_Aim of the exercise_:
Find the line with "Antique Pair of" in the data below. Repeat it and every line after it exactly, but not the pictures.

_Stored dataset items_:

********

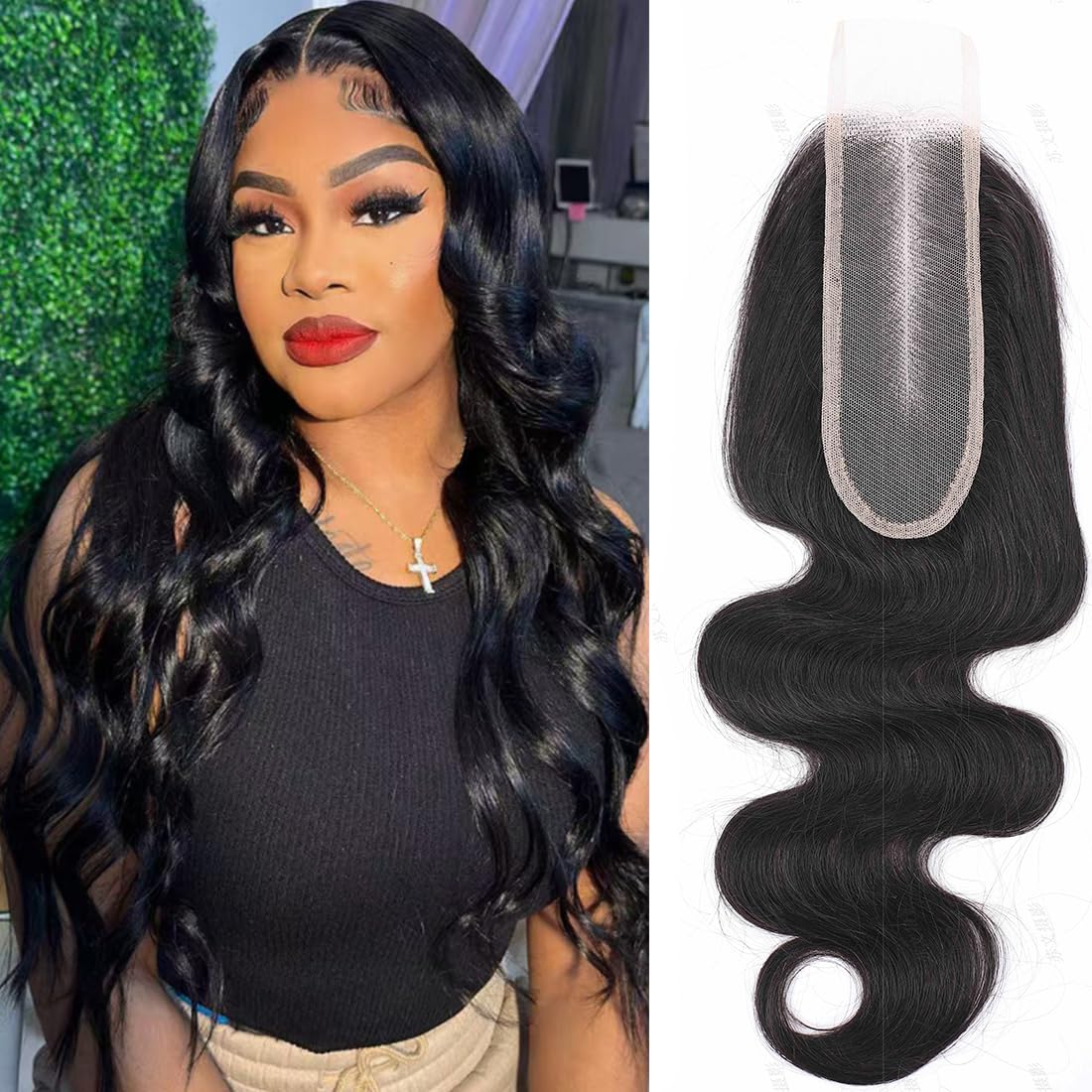 Lizourey HD transparent body wave closure for seamless 16-inch natural-looking blend.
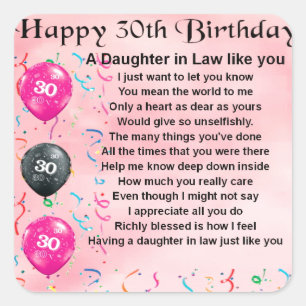 Daughter in Law Poem - 30th Birthday Square Sticker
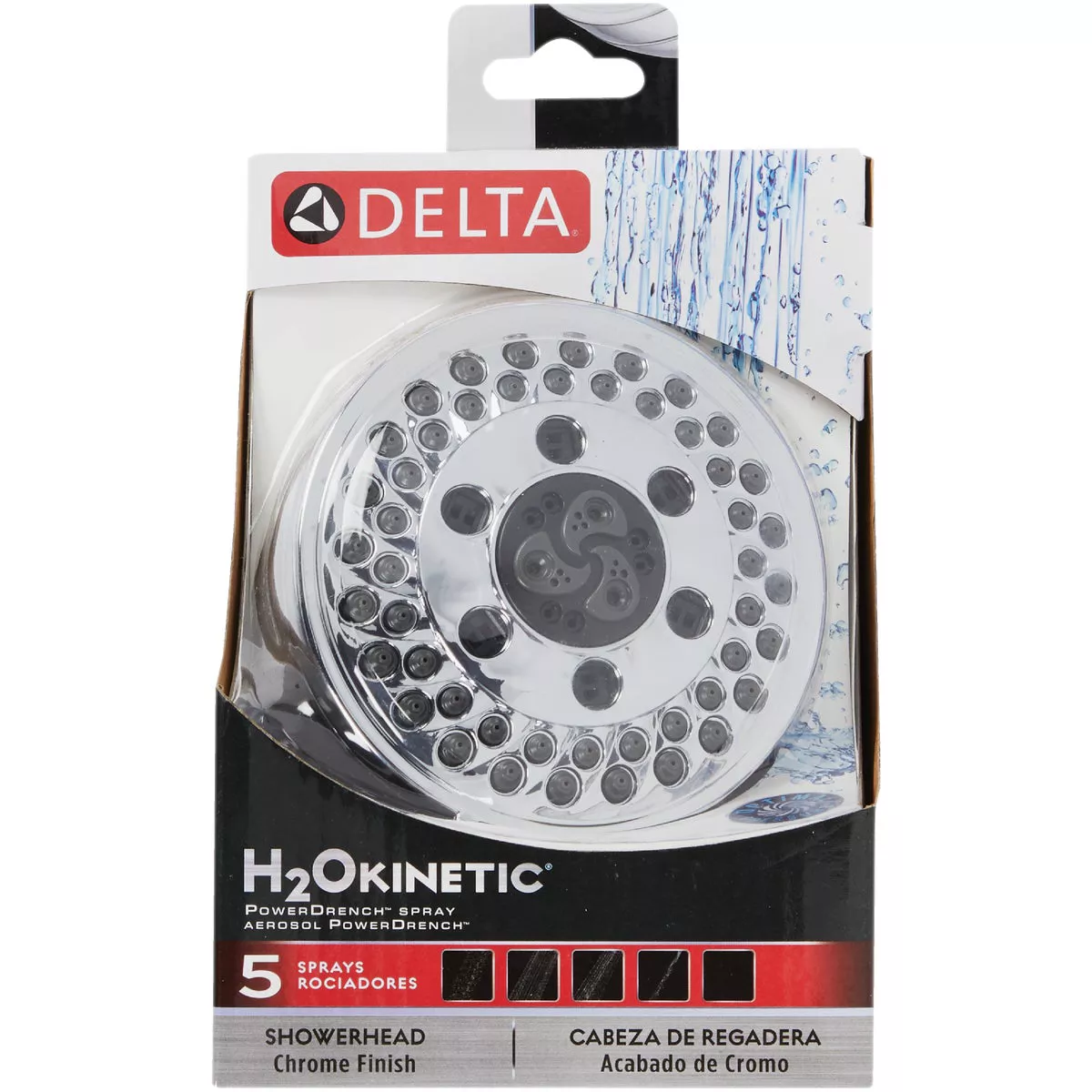 Delta 5-Spray 1.75 GPM H2Okinetic Fixed Shower Head, Chrome - photo 2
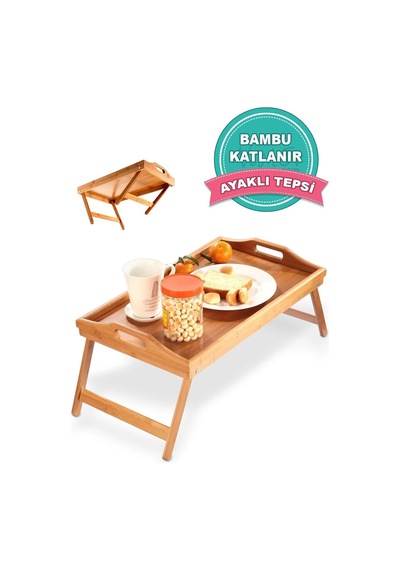 Lüks Bambu Katlanır Ayaklı Sunum Tepsisi Portatif Kahvaltı & Çay Servisini Yeniden Tanımlayın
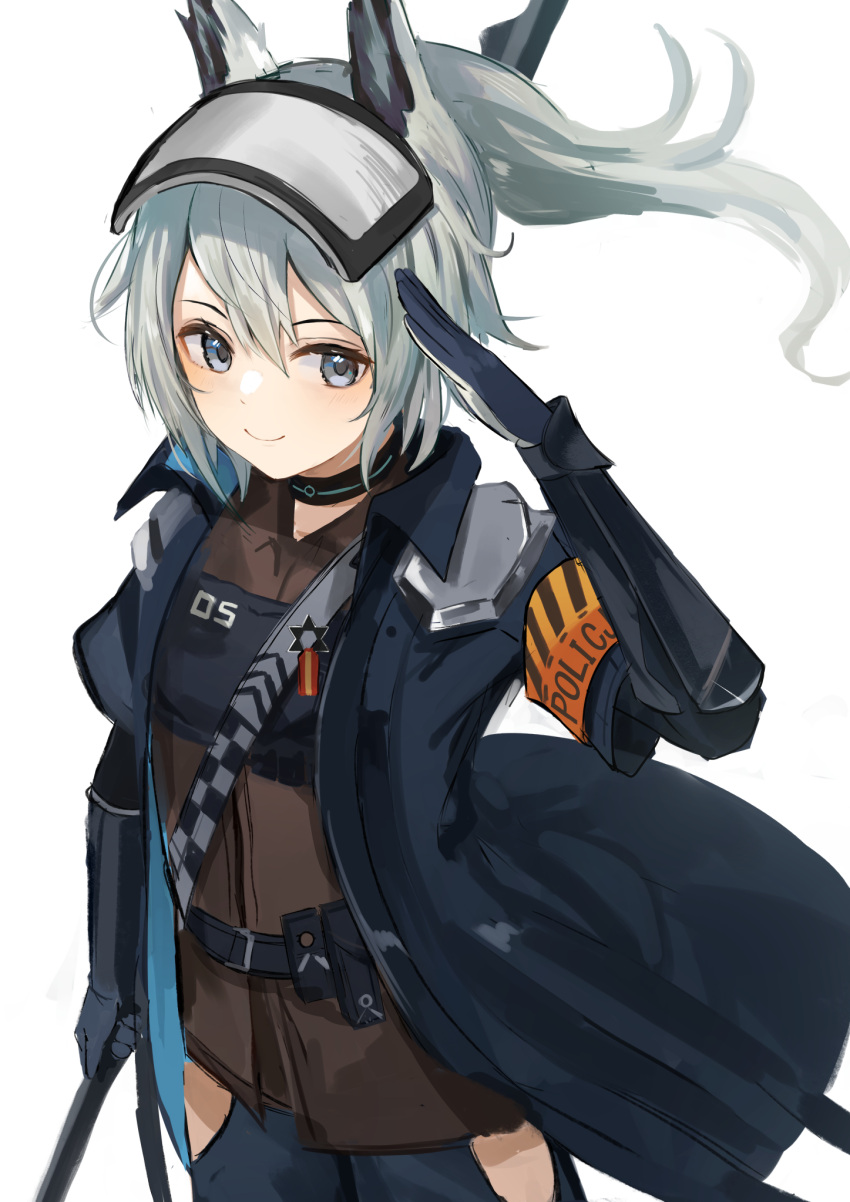 1girl animal_ear_fluff animal_ears arknights arm_up armband azuazu_0405 black_gloves black_jacket brown_shirt closed_mouth elbow_gloves gloves grani_(arknights) grey_eyes grey_hair highres holding jacket long_hair open_clothes open_jacket ponytail salute shirt short_sleeves simple_background smile solo white_background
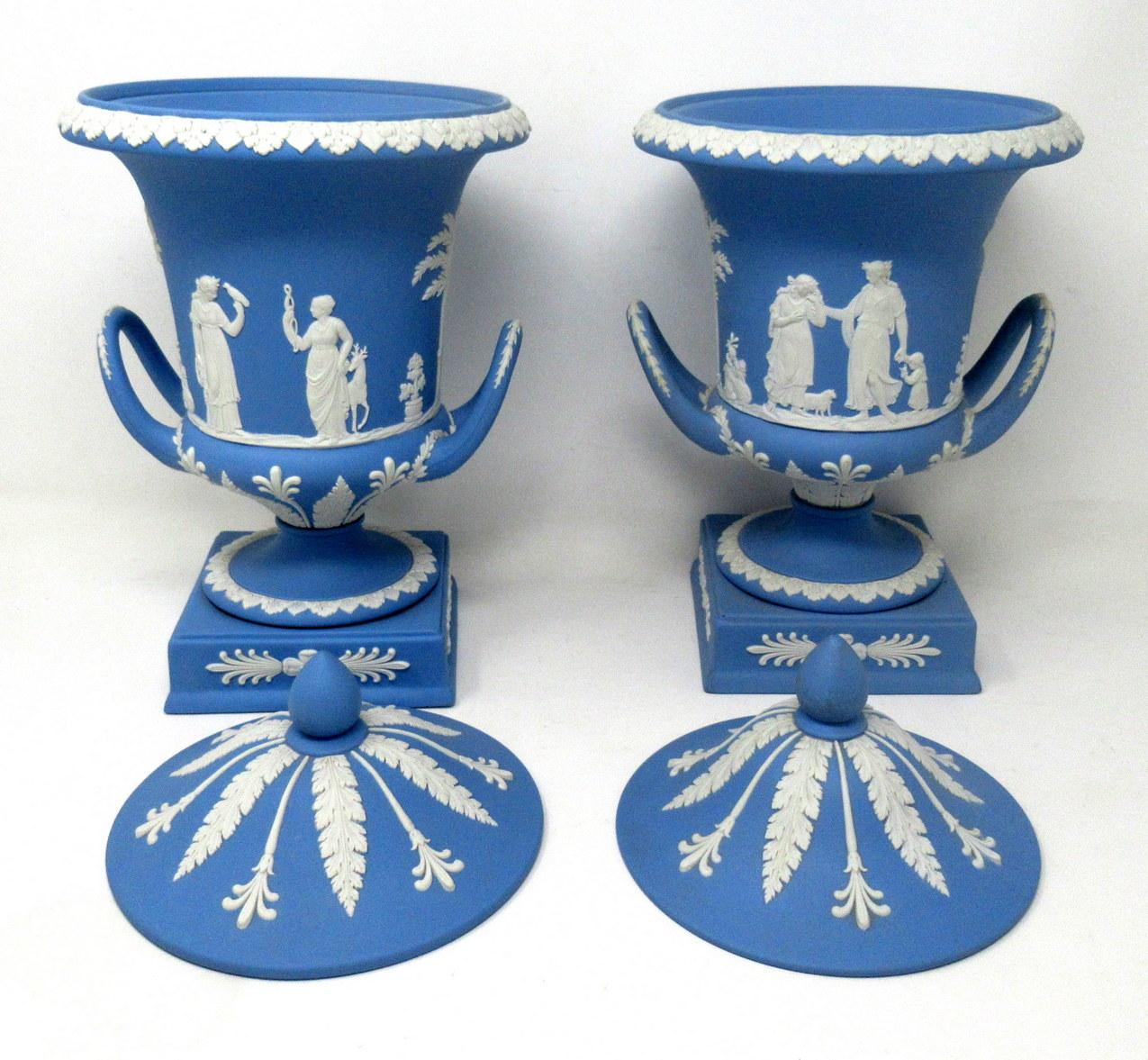 Antique Pair of Blue Wedgwood Jasperware Ceramic Urns Vases Mythological Scenes 1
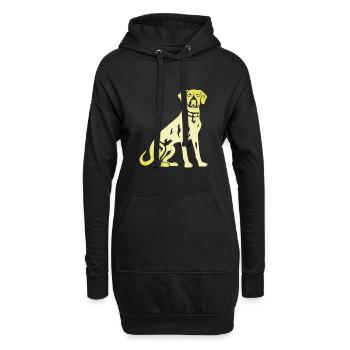 Silhouette de chien dalmatien - Sweat-shirt à capuche long Femme - noir - Devant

********

_Solution to the exercise_:
 Antique Pair of Blue Wedgwood Jasperware Ceramic Urns Vases Mythological Scenes 1
 Silhouette de chien dalmatien - Sweat-shirt à capuche long Femme - noir - Devant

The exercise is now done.